Archive for September, 2010
Let’s hear it for the wisdom of college freshmen. Seriously. I have 30 of them in my class at Cornerstone University and together we are studying Biblical Hermeneutics and it’s plain to see this class is going to be far from boring. So what is Beck doing in a Hermeneutics class? Helping me make it relevant. After all the class is a study in how to appropriately, accurately and relevantly apply ancient texts from different languages and cultures to the Facebook generation and stay true to what God really meant to say.
So out of the blue I asked my class “How many think Beck should be considered an evangelical Christian?” Only one hand out of 30 went up. I must admit I was surprised and said so. ‘After all,’ I told them, ‘he espouses Christian values, uses Christian terminology and has garnered the support of numerous Christian leaders – why don’t you think he should be considered a Christian?’ Several people answered at once “He’s a Mormon.”
Yes he is, and that doesn’t make him any more fallen or any less likeable than anyone else. But the fact of the matter – that these tuned-in university students got – is that the Mormon Church for its 180 year history has officially, and at times vociferously, rejected all the primary doctrines that define Christianity and set it apart from every other religion in the world.

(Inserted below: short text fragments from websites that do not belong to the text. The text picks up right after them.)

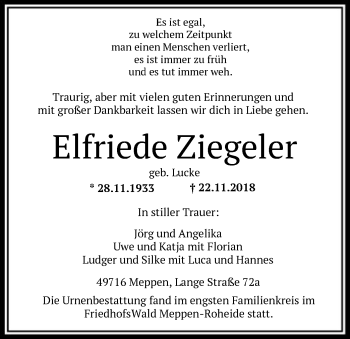Todesanzeige von Elfriede Ziegeler von SYK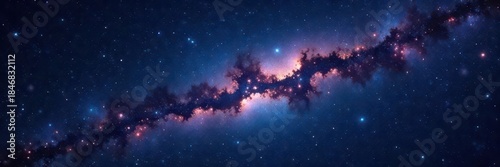 Celestial path, countless stars aligned across inky black , nebulae, cosmos, glitter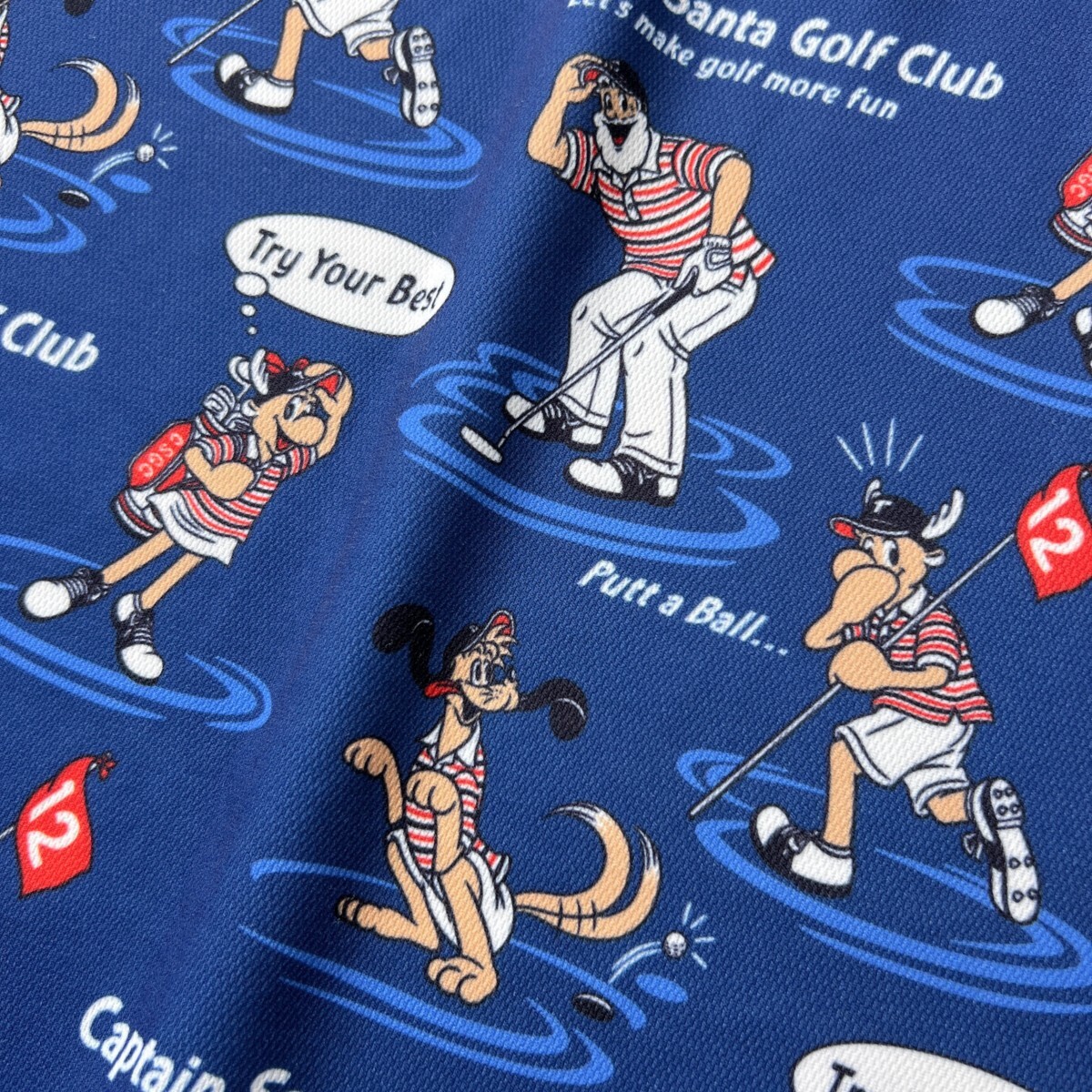 日本製 未使用級 CAPTAIN SANTA GOLF キャプテンサンタ 上質 半袖 ボタンダウン ポロシャツ / メンズ XL / ブルー 総柄 人気 ゴルフウェア_画像7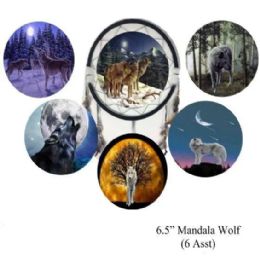 12 Bulk 6.5" Mandalas [6 Assorted Styles] Wolves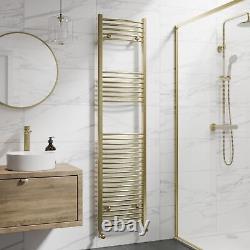 DuraTherm Curved Heated Towel Rail Brushed Brass 1800 x 450mm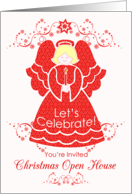 Red Lace Angel Christmas Open House Invitation card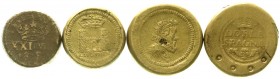 Waagen und Gewichte, Münzwaagen und Münzgewichte, Spanien
4 Messinggewichte für Goldmünzen des 17. Jh. schön bis sehr schön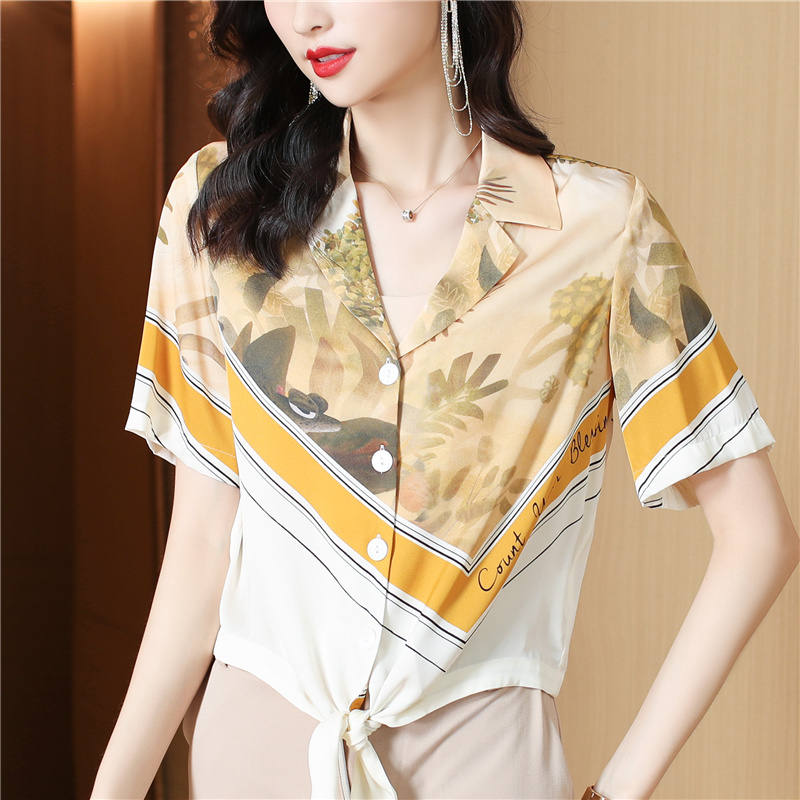 Short sleeve summer business suit real silk shirt for women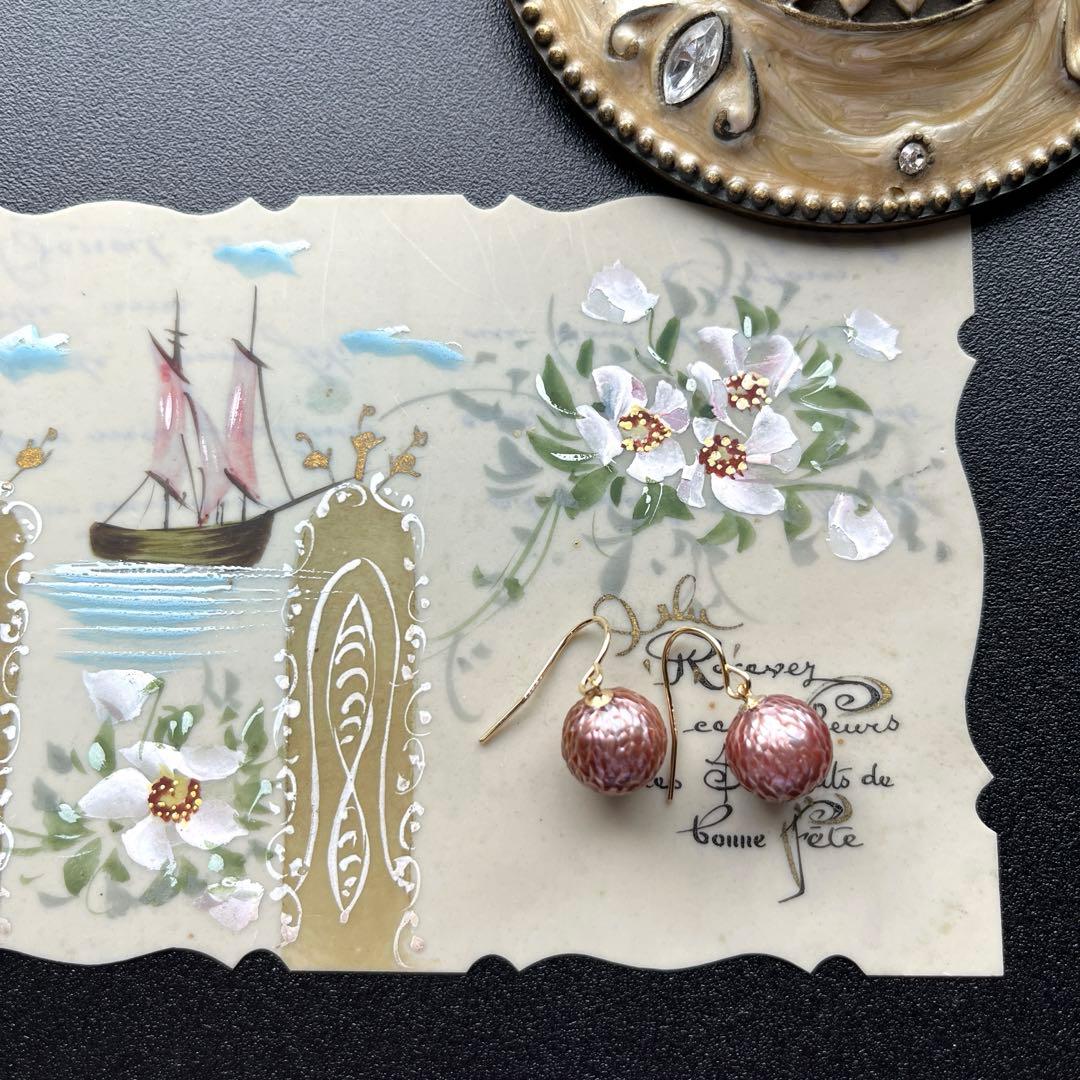 《1点限定》ドラゴンスキンカービングモーブピンク②片穴＊ピアスorイヤリング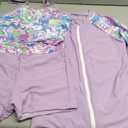 Rash Guard for Girls Long Sleeve 3 Piece Teens Swimsuits Zip Up Bathing Suit with Pockets Boyshorts (15-16 Years, Purple)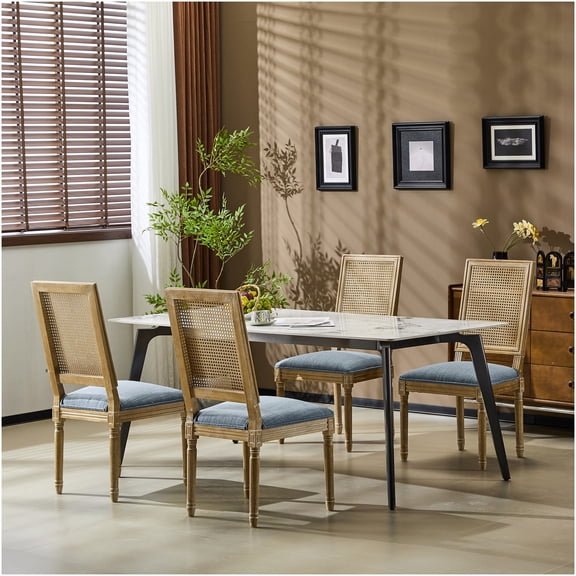 Set of 4 Slate Blue French Country Dining Chairs, Cane Back Upholstered Seat Kitchen Chairs, Fluted Legs Weathered Finish Solid Rubberwood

- Only one God who has forever existed as a single tri-personal being of Father, Son and Holy Spirit — rejected.
- God the Father as a personal being who as spirit cannot be bounded by a body or any other space-time limitation (it’s what allows him to be all-powerful, all-knowing and simultaneously everywhere present) — rejected.
- Jesus Christ who existed prior to his virgin birth as God, the eternal creator and Logos, and who while condescending to become fully human and image the invisible God and make him visible to us, continued to be also completely and fully deity — rejected.
- The only way we escape the just and eternal consequences of our sin and daily selfish, egocentric choices is to exchange our sinfulness and unrighteousness for the perfect righteousness of Jesus, which God offers to us as a gift, we receive by faith – believing that God out of his goodness and grace will just give to us for the asking — rejected. For more information IRR.org has several articles on Mormon-Christian differences.
So does Glenn Beck inspire a return to Christian and conservative values? Yes. Does Glenn Beck use imagery and terminology that resonates with evangelical Christians? Sure looks that way. Do other Christian leaders seem to be welcoming Glenn Beck as a fellow Christian and expressing a certain level of comfort with how he articulates his personal beliefs and faith? Mmm hmmm. Does any of that make Glenn Beck a Christian? Not if we are going to use good hermeneutics and a historical and biblical definition for “Christian.” Until the LDS Church changes the articulation of its core doctrines and stops rejecting what Christians have affirmed for the past 2000 years, we are all going to have to continue to choose – Mormon or Christian – but not both.